> Problem description: Beginning with the line of the entries below that holds "Adam Ben Ezra" and ending with the line that holds "Checkers Liquor Shop", transcribe each line exactly as written. Pictures stay out.

> Provided records:
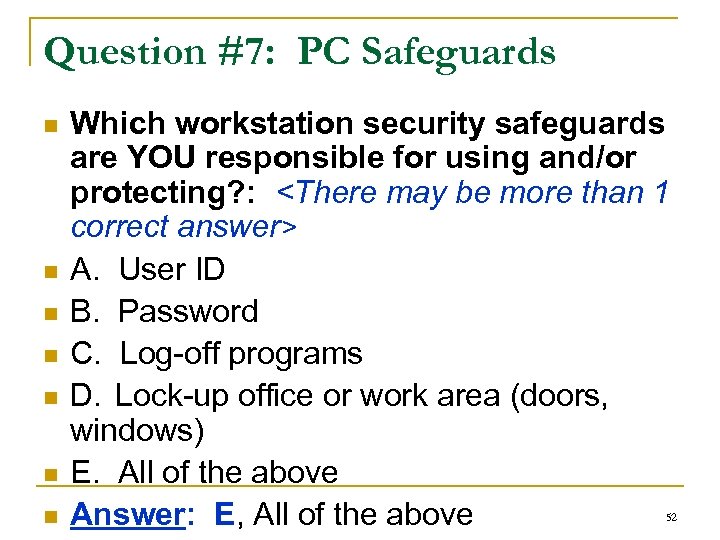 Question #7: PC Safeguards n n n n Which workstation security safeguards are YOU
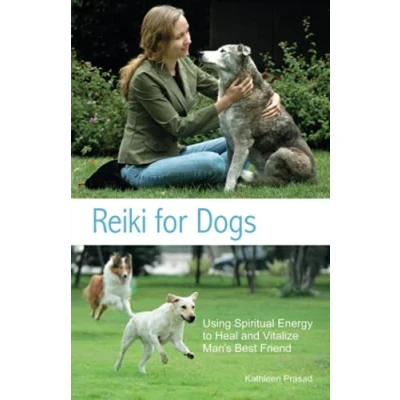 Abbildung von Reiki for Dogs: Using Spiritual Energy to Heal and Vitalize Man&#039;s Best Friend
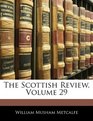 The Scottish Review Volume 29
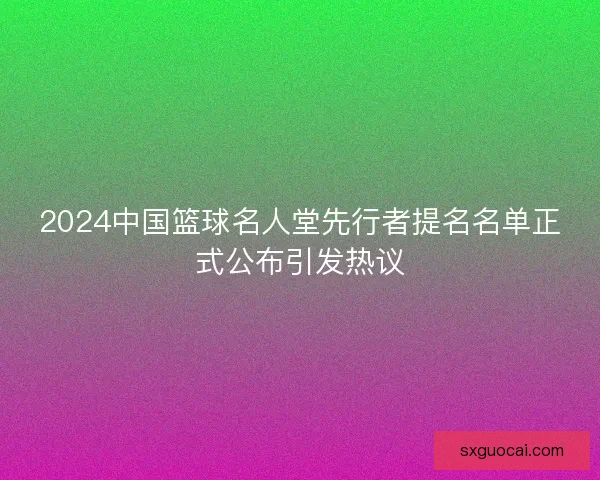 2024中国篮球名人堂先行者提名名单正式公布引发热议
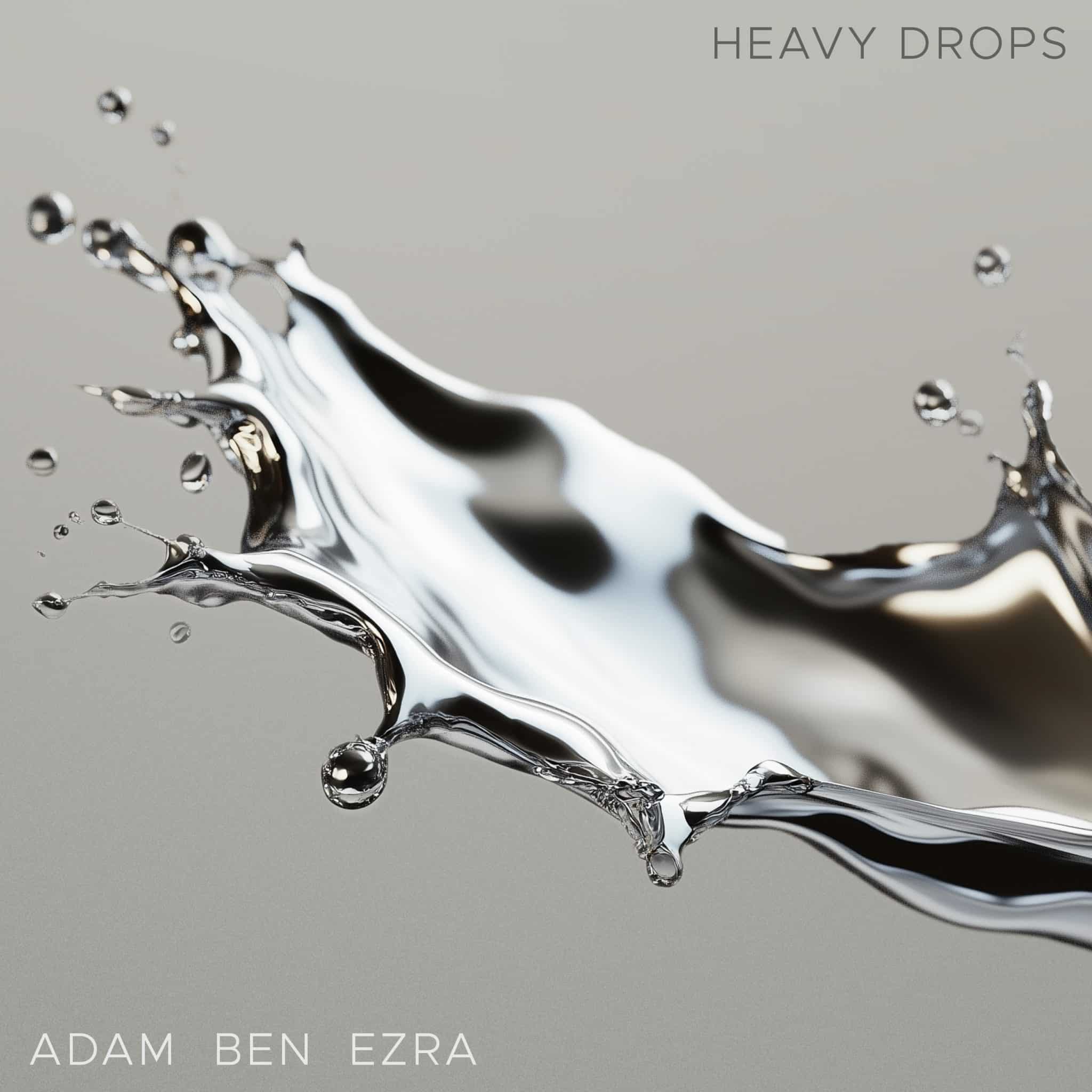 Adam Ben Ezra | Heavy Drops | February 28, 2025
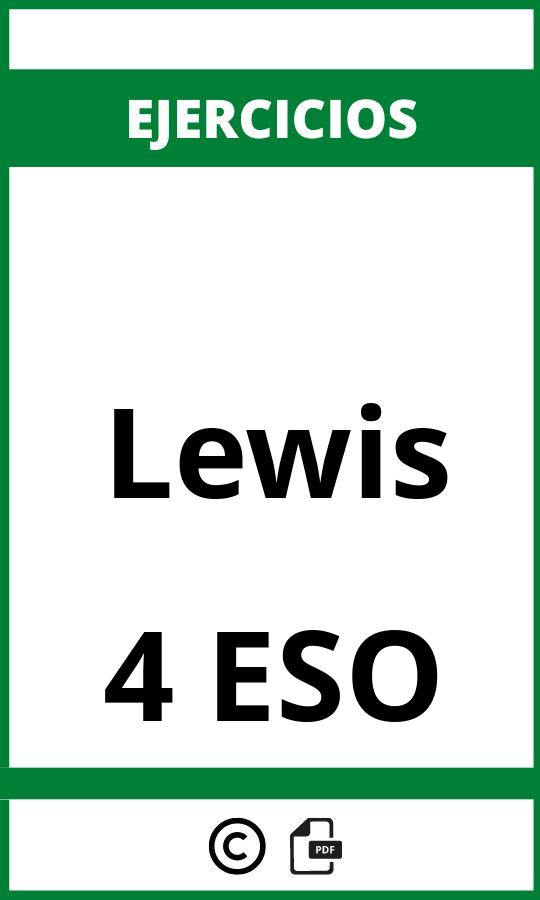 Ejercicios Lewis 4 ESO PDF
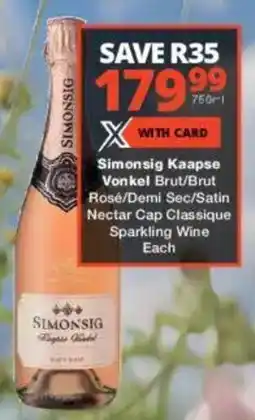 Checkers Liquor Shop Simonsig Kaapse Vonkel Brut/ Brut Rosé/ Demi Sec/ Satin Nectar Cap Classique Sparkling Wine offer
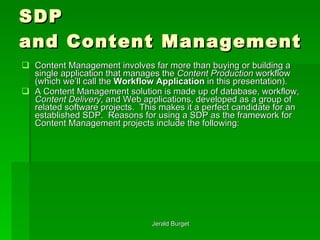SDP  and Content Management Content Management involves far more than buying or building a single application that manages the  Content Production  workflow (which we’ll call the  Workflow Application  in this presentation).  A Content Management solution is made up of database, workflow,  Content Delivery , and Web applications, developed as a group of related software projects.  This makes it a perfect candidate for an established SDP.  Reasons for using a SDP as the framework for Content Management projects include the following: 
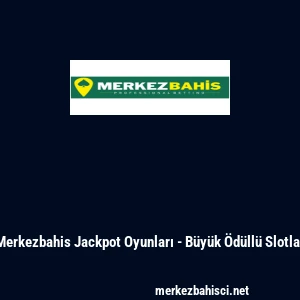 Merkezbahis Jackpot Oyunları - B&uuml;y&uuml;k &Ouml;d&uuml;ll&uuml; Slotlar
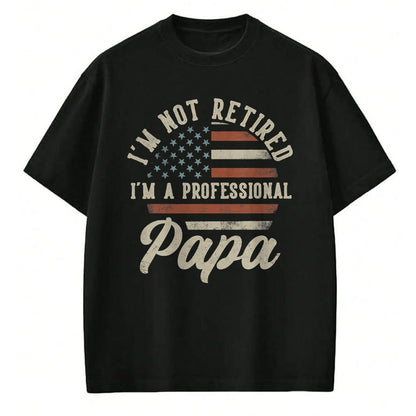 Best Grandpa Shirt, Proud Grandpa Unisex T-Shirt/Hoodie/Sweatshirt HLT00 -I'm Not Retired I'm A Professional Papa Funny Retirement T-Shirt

> Response area:
 Adam Ben Ezra | Heavy Drops | February 28, 2025
 Ejercicios Lewis 4 ESO PDF
 Checkers Liquor Shop Simonsig Kaapse Vonkel Brut/ Brut Rosé/ Demi Sec/ Satin Nectar Cap Classique Sparkling Wine offer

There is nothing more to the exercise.